I parlamentari non pubblicano i curricula dei loro collaboratori

(Articolo pubblicato su Verità & Affari il 24.07.2022 a firma di Stefano Iannaccone e Carmine Gazzanni)

Assunzioni a mano libera, pescando a piacimento, e mettendo le informazioni sotto chiave. Spesso a danno di profili professionali adeguati. Nel Parlamento italiano non è terminato il far west dei contratti dei collaboratori: nessun cambiamento è stato realizzato in questa legislatura nonostante le svariate promesse del presidente della Camera, Roberto Fico, a cui hanno fatto seguito gli impegni assunti dalla presidente del Senato, Maria Elisabetta Alberti Casellati. Ma chi ci aveva messo la faccia, in particolare, era il numero uno dell’Aula di Montecitorio. Salvo prendere atto di una situazione che non è mutata di una virgola, come confermano gli ultimi ordini del giorno presentati al bilancio della Camera, che sarà discusso la prossima settimana.
In cima alle mancanze persiste quello della trasparenza, con la possibilità - appunto - di non comunicare chi lavora per i singoli deputati. Un modo che, molte volte, consente di far assumere politici non eletti, compagni di partito in attesa di candidatura, o anche amici degli amici che non si fanno nemmeno vedere dalle parti del Parlamento.
Si tratta della figura mitica del “portaborse”, che però contrasta con il ruolo di #collaboratore #parlamentare, caratterizzato da professionisti degli uffici legislativi o di quelli della comunicazione, che seguono le attività di un parlamentare. Come? Preparando i testi delle proposte di legge, scrivendo le interrogazioni o le attività legate all’ufficio stampa.
Così, proprio l’Associazione italiana collaboratori parlamentari (Aicp) ha ribadito la richiesta di rendere pubblici i curricula di chi viene assunto in qualità di collaboratore, rendendo consultabili, sui siti di Camera e Senato, le informazioni necessarie a ricostruire il profilo. D’altronde così funziona, tanto per fare un esempio, anche al Parlamento europeo, dove gli assistenti di ogni eletto sono noti. La trasparenza, secondo quanto osservano dall’Aicp, sarebbe un passo importante per evitare situazioni controverse.

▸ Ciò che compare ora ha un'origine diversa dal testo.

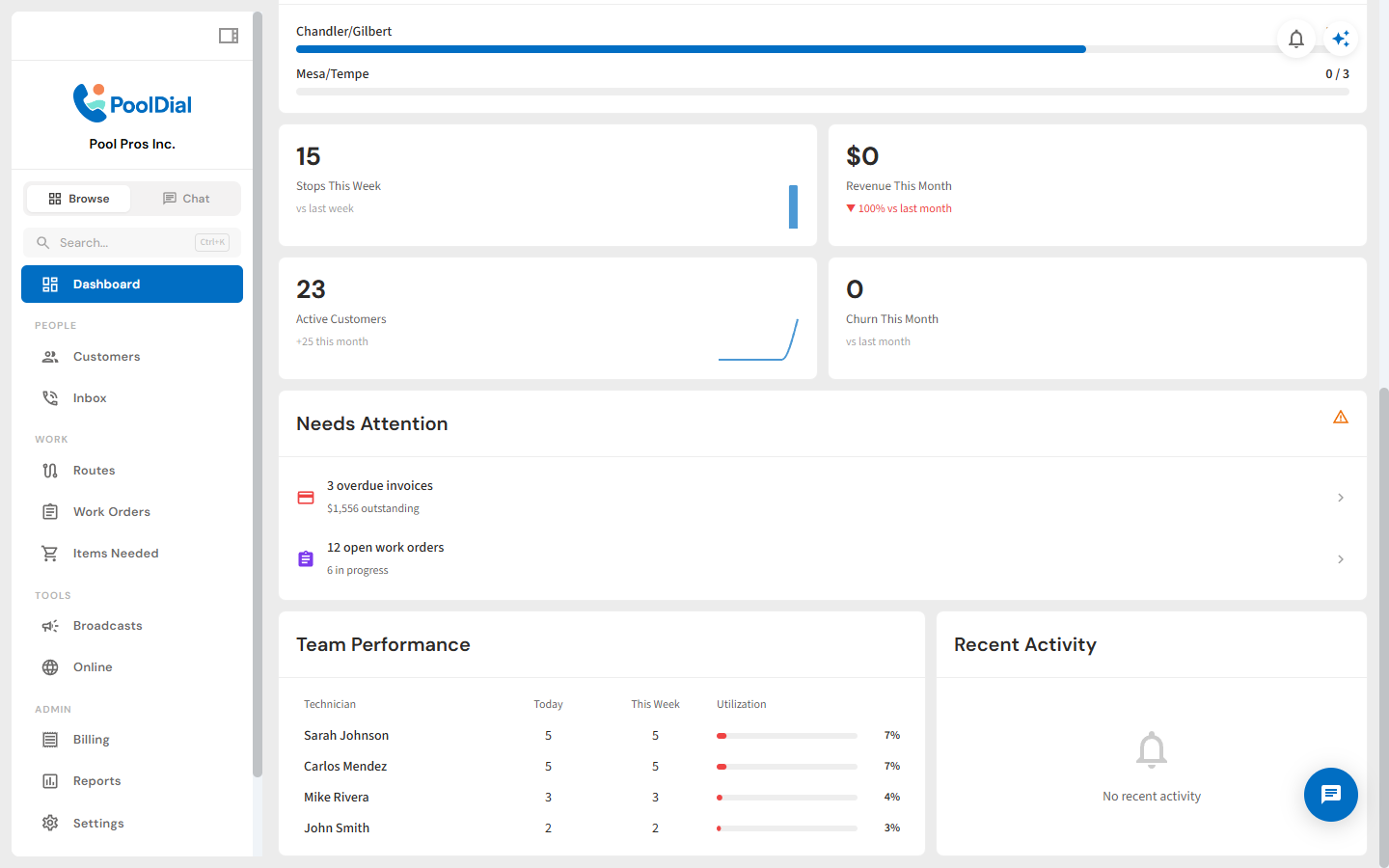 PoolDial dashboard highlighting invoices and work that need attention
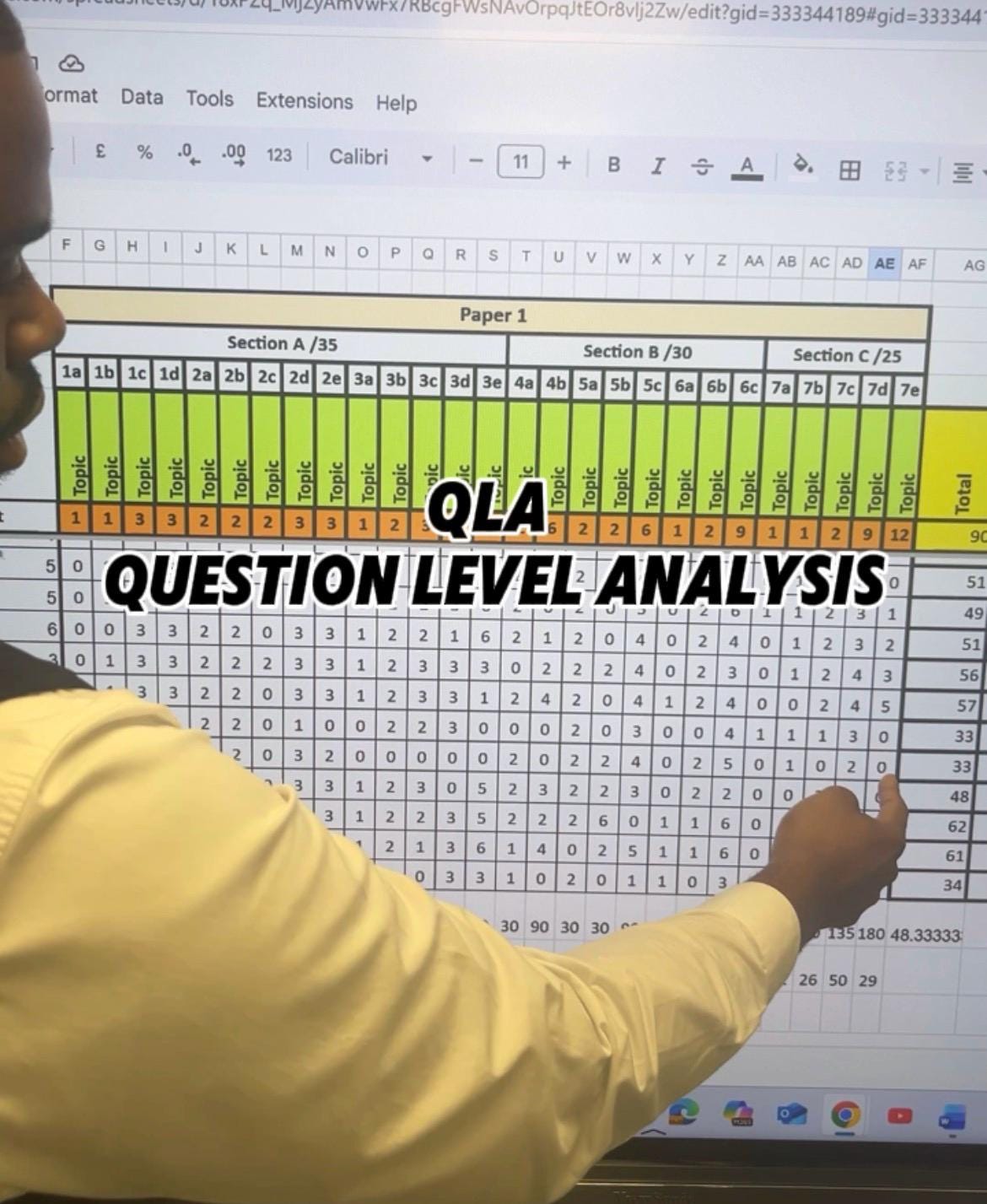 Question Level Chart Question Level Analysis Template - Etsy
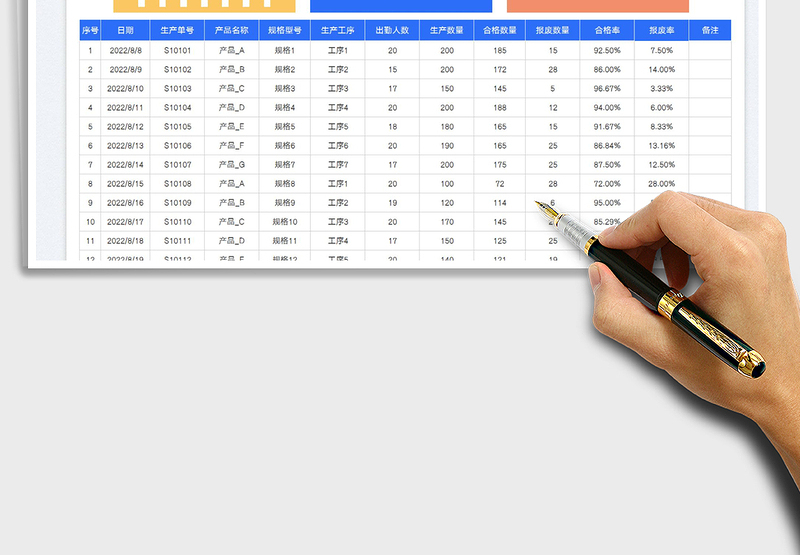 2025生产管理-生产日报表免费下载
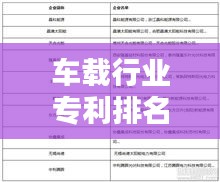 車載行業(yè)專利排名TOP 10揭秘！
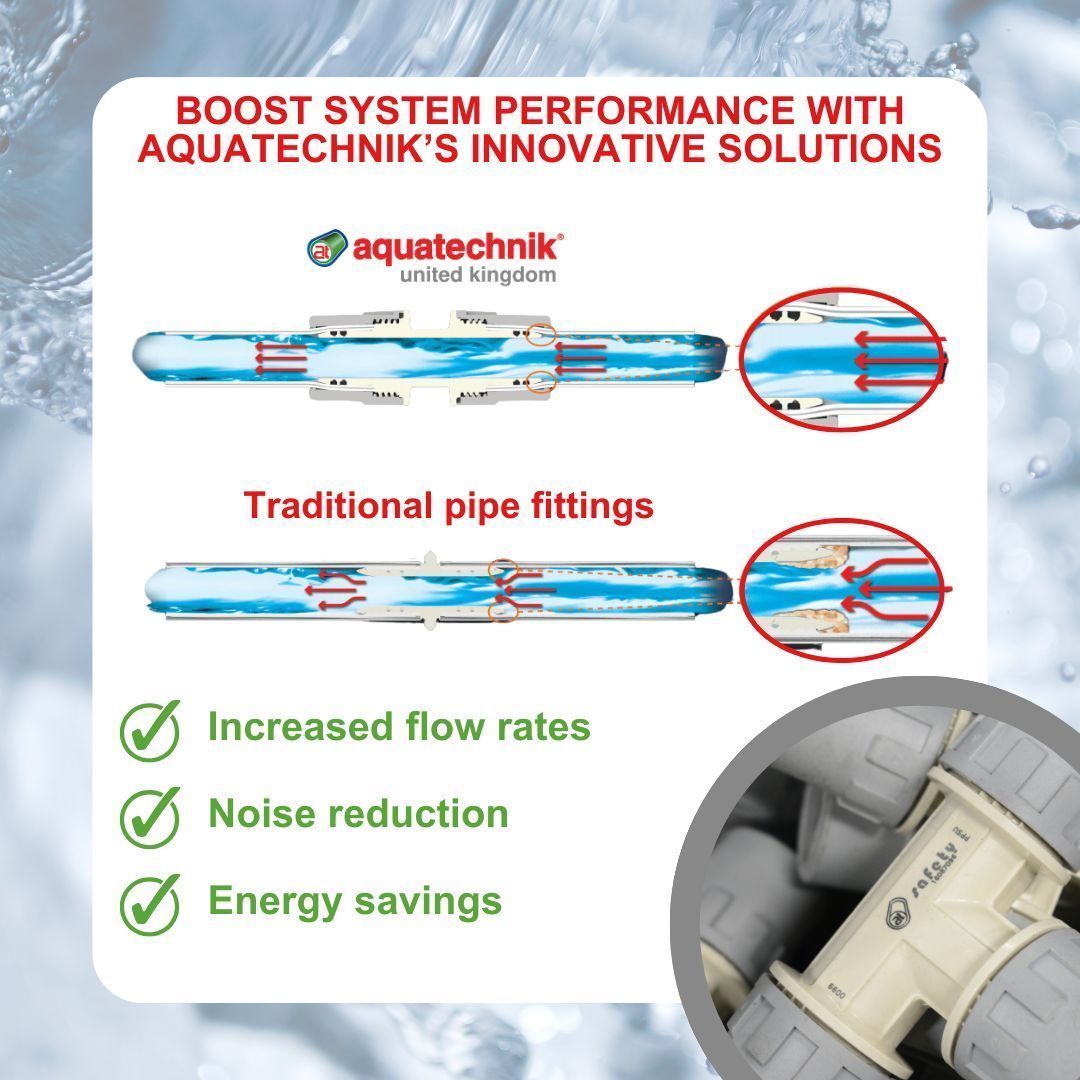 Say goodbye to restricted flow &amp; energy waste! 🚰

The 𝐀𝐪𝐮𝐚𝐭𝐞𝐜𝐡𝐧𝐢𝐤 patented wide-bore system:
✅ Boosts flow
✅ Cuts noise
✅ Fights limescale
✅ Eco-friendly
✅ Built for high performance

Smarter systems, greener solutions!
Click to learn more:aquatechnik.co.uk/flow-rate-pres…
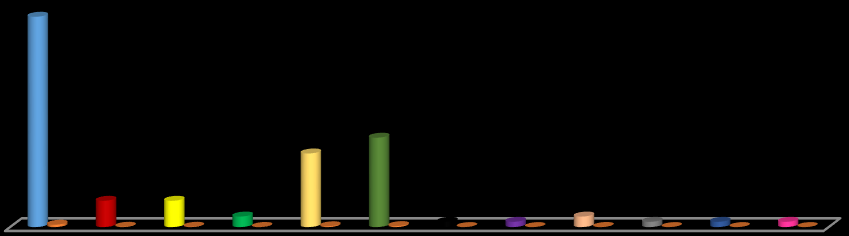 Isto evidencia um elevado percentual relacionado à prática da automedicação.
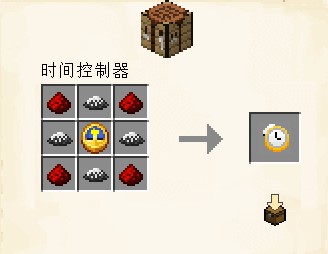 上传图片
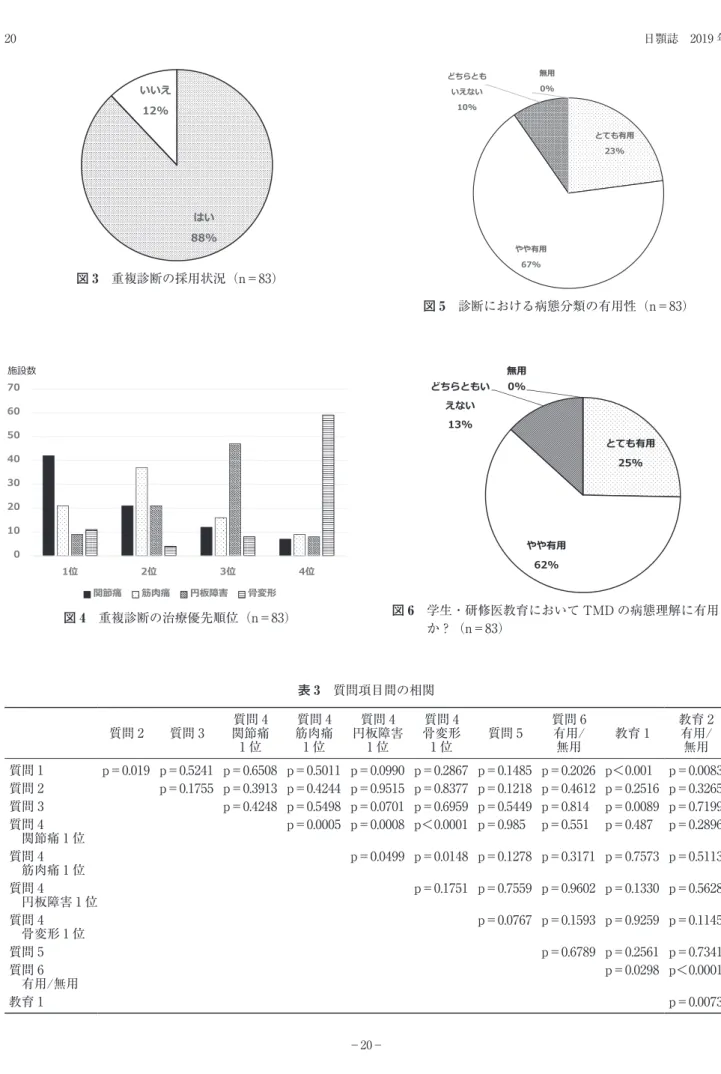 図 3 重複診断の採用状況（n＝83）मःःःइ 図 4 重複診断の治療優先順位（n＝83）઱ਝਯਜ਼ਜ਼ਜ਼ ਜ਼ঢ়ත൱൙෿൱৞ഝ௽૩෗૗஄ 図 5 診断における病態分類の有用性（n＝83）धथुથ৷ृृથ৷नठैधुःइऩः૮৷図6   学生・研修医教育において TMD の病態理解に有用 か？（n＝83） धथुથ৷ृृથ৷नठैधुःइऩः૮৷ 表 3 質問項目間の相関 質問 2 質問 3 質問 4  関節痛  1 位 質問 4  筋肉痛 1 位 質問 4 円板障害1 位 質問 4 骨変形1 位 質問 5 質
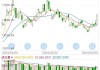 钧御工程上涨20.27%，报11.185美元/股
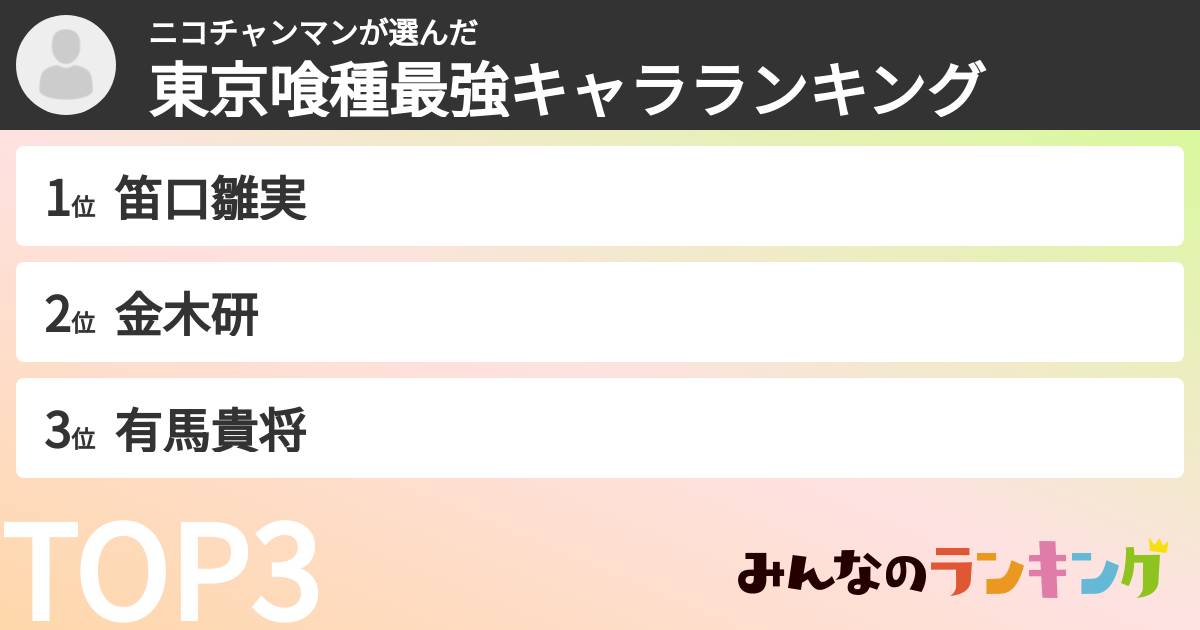 ニコチャンマンさんの「東京喰種最強キャラランキング」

Il caso principale è quello di Antonello Nicosia, assunto dalla deputata Iv Giuseppina Occhionero, e che usava il tesserino di Montecitorio per entrare in carcere e incontrare i boss, finito ora sotto processo in Appello.
Del resto chiunque ottenga un contratto di collaborazione a Palazzo Chigi o in qualche ministero, è sottoposto a un principio di pubblicità, che riguarda anche il compenso pattuito. In Parlamento, invece, si agisce senza rispondere ad alcun requisito di trasparenza.
Il nodo è tutto nel meccanismo che dà ampio margine di manovra agli onorevoli, che gestiscono un plafond per di 3.690 euro nel caso dei deputati e di 4.180 euro nel caso dei senatori per le spese di esercizio del mandato. Questo budget va rendicontato solo al 50% (l’altra metà è erogata in via forfettaria) e può servire per qualsiasi cosa: dall’organizzazione dei convegni all’utilizzo di reti pubbliche di consultazione di dati, oltre ovviamente all’ipotetica assunzione di un collaboratore. Una libertà di azione su cui, come accennato, Fico si era solennemente impegnato a mettere un freno, addirittura nel 2019: «Lo stipendio del collaboratore deve essere versato direttamente dalla Camera al collaboratore così come avviene nelle altre nazioni europee. Per fare questo ci vuole una delibera dell’Ufficio di Presidenza». La delibera si è però persa nei meandri della legislatura. Eppure, solo lo scorso anno sempre durante il dibattito sul bilancio interno, avevano promesso un cambiamento i deputati Questori, Francesco D'Uva (all’epoca M5S, ora passato con Luigi Di Maio), Edmondo Cirielli (FdI) e Gregorio Fontana (Forza Italia). Adesso però il tempo è scaduto: gli onorevoli pure nella prossima legislatura potranno muoversi come gli pare.